DeepMind’s new AI system, AlphaProof, represents a major breakthrough in mathematical reasoning. Unlike typical AI models that predict the next word or token, AlphaProof is designed to understand and build mathematical proofs with rigor. It operates within a formal proof assistant called Lean, where mathematical statements are translated into a strict language, allowing the system to check each logical step for correctness.
To train AlphaProof, DeepMind overcame a key challenge: limited formal math data. Much of mathematics exists in natural language, not in the formal syntax required by proof assistants. To bridge this gap, they used a Gemini-based model to automatically translate millions of natural-language math problems into Lean definitions, generating a large dataset of formalized statements for training.

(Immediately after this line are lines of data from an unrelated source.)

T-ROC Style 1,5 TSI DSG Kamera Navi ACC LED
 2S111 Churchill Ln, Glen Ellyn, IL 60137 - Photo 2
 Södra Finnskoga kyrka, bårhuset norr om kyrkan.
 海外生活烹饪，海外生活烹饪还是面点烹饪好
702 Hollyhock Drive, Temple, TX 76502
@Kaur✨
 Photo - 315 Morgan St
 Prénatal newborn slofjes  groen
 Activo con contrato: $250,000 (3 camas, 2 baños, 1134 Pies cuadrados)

AlphaProof was tested on problems from the International Mathematical Olympiad (IMO). While it couldn’t operate in real time like a human competitor — taking days per problem on large compute clusters — it managed to solve several of the hardest tasks. The system even calls a specialized geometry engine, AlphaGeometry 2, when geometric insight is needed.
Still, AlphaProof has limitations. Running it is expensive — hundreds of TPU-days per problem — which restricts access to well-funded labs. DeepMind acknowledges this and aims to optimize it for broader, long-term use, potentially helping researchers with advanced, research-level mathematics in the future.